Gitarı Bırakma Noktasına Geldim.

Paul Gilbert geçenlerde bir videosunda Sabah kalkıp şu anda bile 12 saat boyunca kahvaltı ve 15 dk kahve molası dışında aralıksız gitar çalıştığından bahsediyordu.

Çünkü adam gitar çalışırken mutlu olabiliyor. Herkes için aynı durum yok. Birşeyi düzenli yaparsın ve keyif aldığın için yaparsın eğer almıyorsan başka bir şey yaparsın
 
Müzik kulağı çocukluktan gelişir, ve doğal olarak insan bu alanlara yönlenir. İster istemez de su yolunu bulur. Neyseniz O'sunuzdur aslında. Aİle, çevre, doğal yetenek hepsinin bir kombinasyonudur sanat faaliyetiyle uğraşmak. Ayıca, zaten hayatla pek bir derdiniz yoksa, sanat faaliyetiyle de uğraşmaz, başka mecralarda takılırsınız. Eğer böyle bir serzenişteyseniz, şimdiden bırakın ve kendinize sevebileceğiniz bir hayat kurmaya bakın. Herkesin gitar çalması gerekmiyor, zaten merak etmeyin çok az kişi gerçekten çalabiliyor, yalnız değilsiniz.

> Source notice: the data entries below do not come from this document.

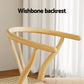 Maud Dining Chairs Wooden Kraft Paper Seat Wishbone Back - Natural Wood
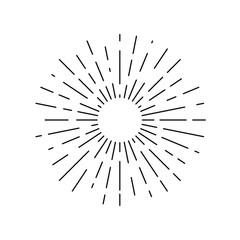 Obraz premium Sun rays drawn symbol. Sunlight linear icon isolated on white background. Vector illustration 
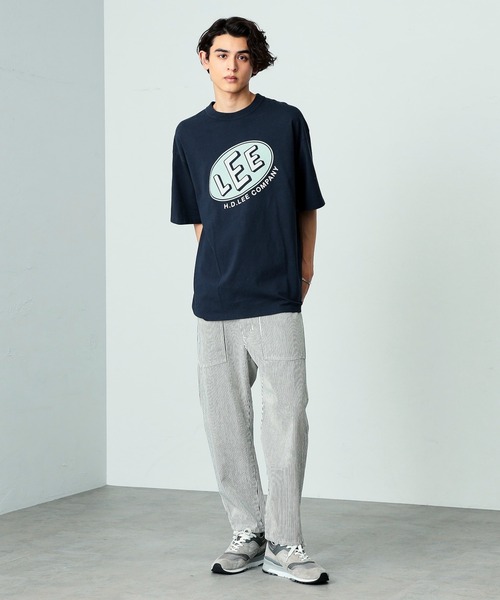 Lee(リー)の「Lee/リー オーバルロゴ半袖Tシャツ(Tシャツ/カットソー・メンズ・グリーン/ネイビー/ベージュ/チャコール・LARGE/MEDIUM/X-LARGE/SMALL)」の18枚目の写真
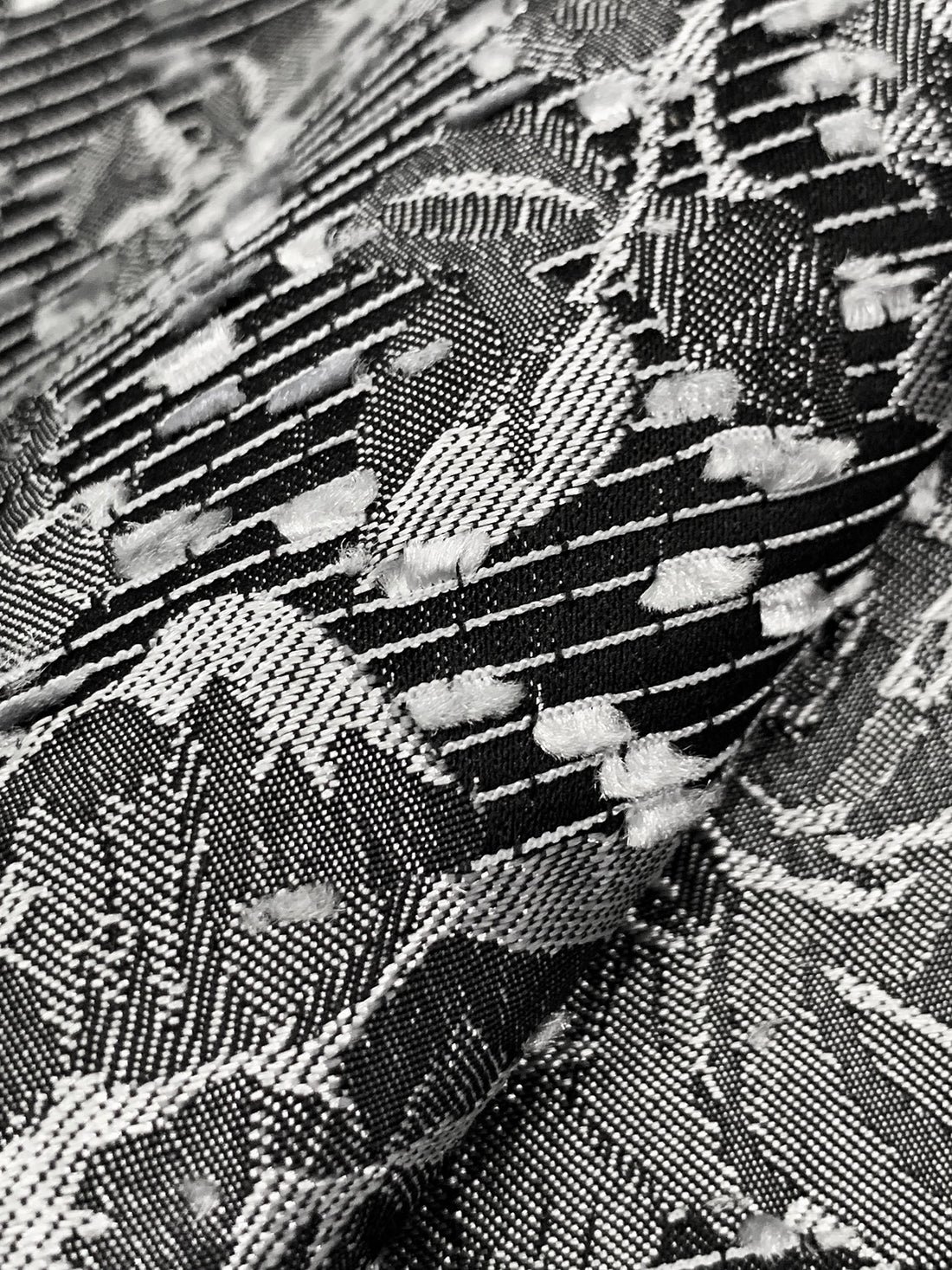 Bright Silver/Black 100% Polyester Floral Eyelash Jacquard Woven 54W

Ama illa ki ben bu işi kotarmak istiyorum derseniz, yıllarınızı vermeniz lazım. Ama sadece gitar çalmak değildir olay, okumaktır, araştırmaktır, size söylenenlere şüphe ile bakmaktır, başka bir bakış açısı geliştirmeye çalışmaktır. Günümüzde gitar çalan arkadaşlar hala daha 80ler gitar hero kafasındadırlar, "hacı kaç basıyon" kafası. Oysa ki, kaç bastığın değil, nerede, hangi konjonktürde, nasıl bir etki yaratabildiğindir. Bu da senin entellektüel kapasitenle, eğitiminle, aile kumaşının kalitesiyle ilgilidir. Tek bir nota bazen sizi öyle bir yere götürür, kalbinize o anda öyle bir işler ki, hayat boyu aklınızdan çıkmaz. Bunu yapabilmektir önemli olan. Elbette, teknik önemlidir, ne kadar farklı cümle kurabiliyorsanız, anlatım kapasiteniz o kadar artar. Ama teknik herşey değildir. 90larda bir sürü gitarcı vardı, canavar gibi. Şimdi hiçbiri yok. Neden? Çünkü teknik geliştirme fetişizminden çıkamayıp müzik yazamadılar bir türlü. Eski tabirle, "attırmaca" dan öteye gidemediler.

Sevgiler herkese...
 
ben 40 yaşındayım 15-16 yaşımdan beri gitar çalıyorum ve hiç ders almamıştım ozamanın şartları metotlar vs ler parasızlık yokluk falan derken bugünlere geldim. 12 yaşında bir kızım var ki bu başlı başına bir zaman ve sorumluluk, ayrıca iş hayatım çok yoğun tempolu evde tarantula beslemekten tutta fotoğrafçılığa bisiklete bir sürü hobi var ama gitara hep zaman buldum çünkü gitar çalarken aldığım tat hiç bir şeyde yok ve son iki aydır hayatımda ilkdefa ders almaya başladım. ne olursa olsun ders almak şart.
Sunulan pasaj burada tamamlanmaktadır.